Elliott Carter, now in his 102nd year, is on a roll, and is a phenomenon. It doesn’t overstate the point to say that here we are witnessing a composer’s late-age musical flowering unprecedented in human history. This double-CD set includes 16 new works, all written since 2002 (when the composer was 94). Only one is from 2002, and one is from 2006; the remainder are 2007–09. And this collection doesn’t include everything written in this period. Do the math.
It would be remarkable enough if this were just a matter of quantity. But this is also music on an elevated level of expression, technique, and questing vision. While dense and concise in the manner of late Stravinsky, neither are they offhand bagatelles or doodlings. In fact (though I’ve said this too much already, I suspect), Carter’s “late-late-late” period is producing some of his finest work, distinguished by a combination of adventure, clarity, and total confidence. The impact of the almost two hours of music here is comparable to many hours more from some other composers.

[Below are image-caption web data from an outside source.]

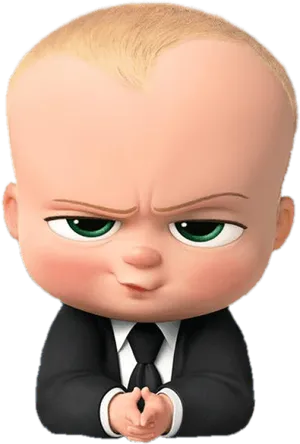 Boss Baby Scheming Expression PNG Image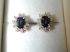 14KT yellow Diamond and Sapphire stud cluster 9 x 12 mm earrings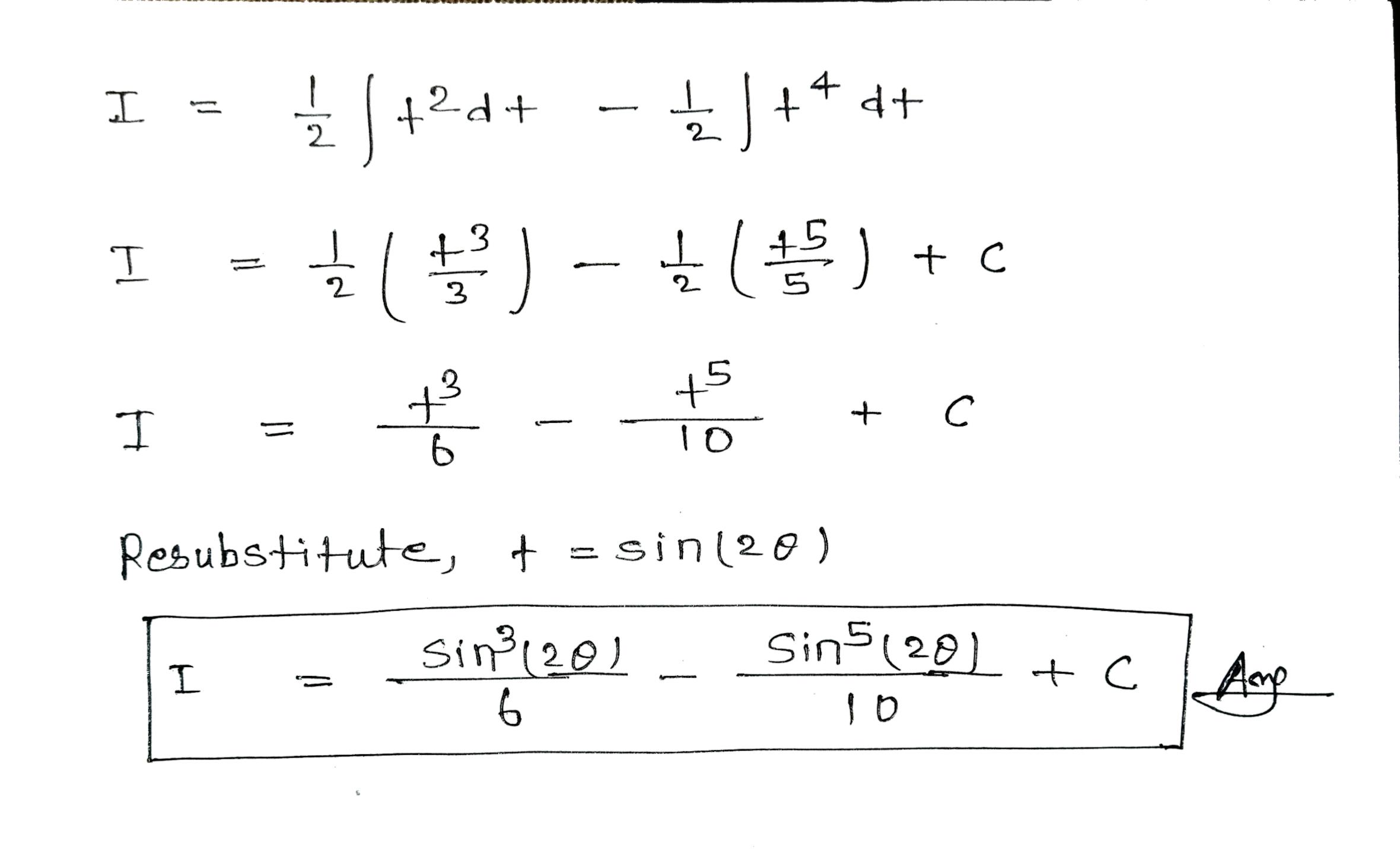  Please briefly explain the solution and all steps, including substitution steps,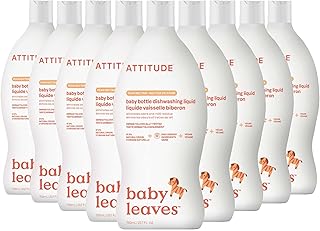 ATTITUDE Baby Dish Soap and Bottle Cleaner, EWG Verified Dishwashing Liquid, No Added Dyes or Fragrances, Tough on Milk Residue and Grease, Vegan, Pear Nectar, 23.7 Fl Oz (Pack of 9)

With so many works in play, I think it’s a mistake to run through a critical exegesis of each piece. All of these will merit several listenings over time to parse out the details and get a better sense of their individual characters. Rather, I’m going to make a few global observations.
First, Carter has become more “experimental” as he’s aged. This is not so much in terms of taking up aesthetics alien to what he’s already committed himself to over the years. Rather, it has to do with meeting the challenge of ensembles and media he’s avoided in the past (for whatever reason). Thus, in the 2008 Tintinnabulation , we have a work for six percussionists, all with instruments of relative or no distinct pitch. (The piece is one of the few that doesn’t quite work for me, but how marvelous that the composer has jettisoned pitch as a factor to see what he’ll come up with!) Even more stunning are the 2007 Sound Fields for string orchestra and the 2008 Wind Rose for wind ensemble. These are slowly shifting, relatively static textures, cycling through different permutations of complex 12-note chords. They’re about as close to Morton Feldman as Carter will ever get, but of course they still sound utterly Carteresque in their harmonies.
Second, Carter’s vocal music has grown in ways I could not anticipate. After a series of neoclassic choral works in the 1940s, he left the voice as a medium until the 1970s, beginning with the song cycle on Elizabeth Bishop poems, A Mirror on Which to Dwell. I was impressed by the work, but successive cycles on Ashberry and Lowell struck me as overly cluttered, and not particularly grateful for the voice. But over time, Carter has refined his vocal practice. Now, having continued his pursuit of an A-list of modernist poets, I think he’s developed a technique that is eminently suited to these texts and their aesthetic. The vocal line still tends to be proclamative, a sort of modernist recitative, but it is stripped down, and more careful in prosody and projection of text. There’s less angularity and fewer wide leaps. And it doesn’t shy away from memorable and repeatable gesture; for example, the 2008 Pound setting On Conversing with Paradise culminates with a near-terrifying reiteration of the line “Pull down thy vanity!” The Zukovsky settings for soprano and clarinet (also 2008) are marvels of tone-painting, with the two principals distinctly characterized and each idiomatic. And the 2007 Mad Regales , three compact settings of Ashberry for a six-voice ensemble, is sparkling in its wit, invention, and beauty, a true new madrigal form. To take just one example, in the first text, each one of its eight lines is intoned by a different solo voice, against a slowly morphing, prismatic setting of the word “haiku” by the remaining five.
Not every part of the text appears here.